Welcome to the Small Lab

The overall goal of the Small lab is to better understand the mechanisms that control cell identity and lineage commitment by studying the transcriptional regulation and function of cardiac tissue-restricted genes. Our motivation is to decipher how disruption of cardiac gene expression programs in heart disease contributes to cellular pathophysiology and the decline in cardiac function. There are two major themes of research within the lab that we study using mouse genetics, cell biology, advanced imaging, bioinformatic and biochemical approaches:

• Cardiac fibroblast plasticity and the development of cardiac fibrosis. The transition to heart failure following cardiac insult is the result of irreversible cardiomyocyte loss and the development of cardiac fibrosis, which impedes contractility and can initiate lethal arrhythmias. Cardiac fibrosis arises from the aberrant and persistent stimulation of fibroblasts, the main source of extracellular matrix in the heart, in a pathological attempt to repair damaged tissue. We utilize gene expression profiling in animal models of heart disease and human heart failure patient samples to identify novel regulators of cardiac fibroblast accumulation and myofibroblast activation in health and disease.  We also utilize high-throughput screening and pre-clinical animal studies to develop novel pharmacological and gene-targeting strategies to block or reverse cardiac scarring and the progression of heart failure. 
• Epicardium-derived progenitor cell mobilization. Epicardium-derived progenitor cells (EPDCs) can differentiate into cardiac fibroblasts and coronary blood vessels, and secrete signals that stimulate cardiac growth during embryonic development. We are striving to understand how EPDCs differentiate into the appropriate cell type based upon their location within the heart.
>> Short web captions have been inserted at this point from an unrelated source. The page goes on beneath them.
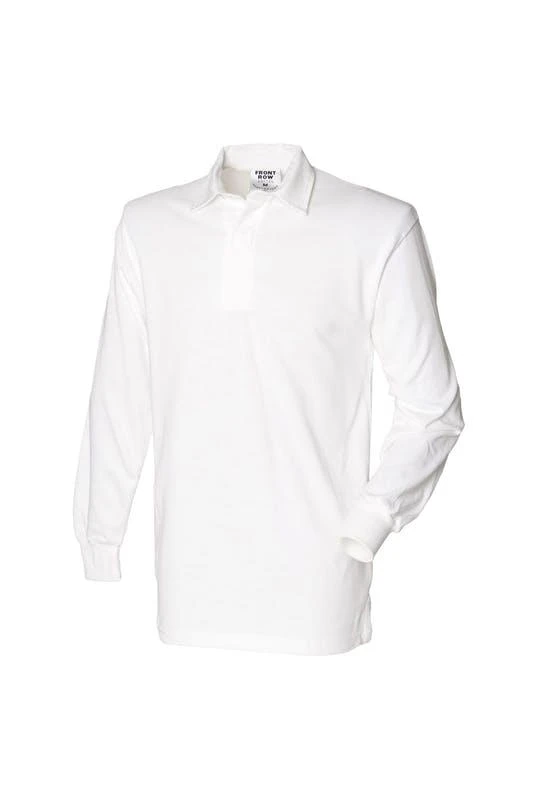 商品Front Row|Front Row Mens Long Sleeve Sports Rugby Shirt,价格¥272,第1张图片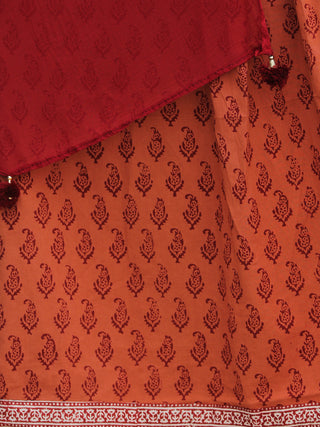 Afsana - Hand Block Bagh Printed Anarkali Kurta Palazzo Set With Dupatta - SS01F1708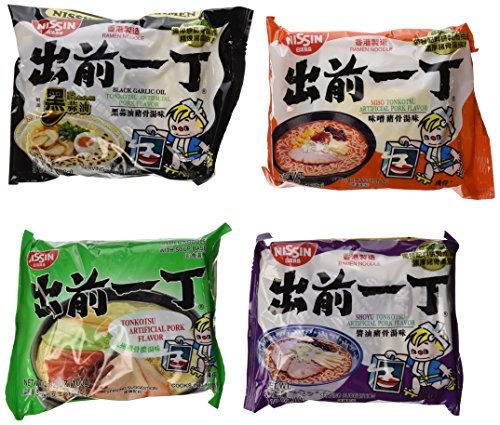 Product Cover Nissin Demae Ramen Variety Pack (Tonkotsu Series)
We have identified a mechanosensitive gene program that is essential for EPDC migration and subsequent differentiation into fibroblasts and perivascular cells. Ongoing studies are aimed at evaluating whether disruption of mechanosensitive transcriptional programs within the epicardium might contribute to cardiomyopathy. Our long-term goal is to harness the regenerative potential of the epicardium to improve cardiac repair.

Figure Legend

A. Histological sections from the left ventricle of mice subjected to sham surgery or myocardial infarction were immunostained with antibodies to visualize GFP-positive fibroblasts (green), cTNT-positive cardiomyocytes (purple) and DAPI-positive nuclei (blue). Note expansion of fibroblasts in ischemic myocardium. 
B. Cultured epicardial cells were immunostained with antibodies to visualize ZO1 positive cell adhesions (green), ACTA2-positive stress fibers (red) and DAPI-positive nuclei (blue). Note the tightly packed cobble-stoned morphology of epicardial cells in quiescent cultures and the loss of adhesions and accumulation of robust stress fibers in epicardial cells being mobilized to undergo epicardium-to-mesenchymal transition.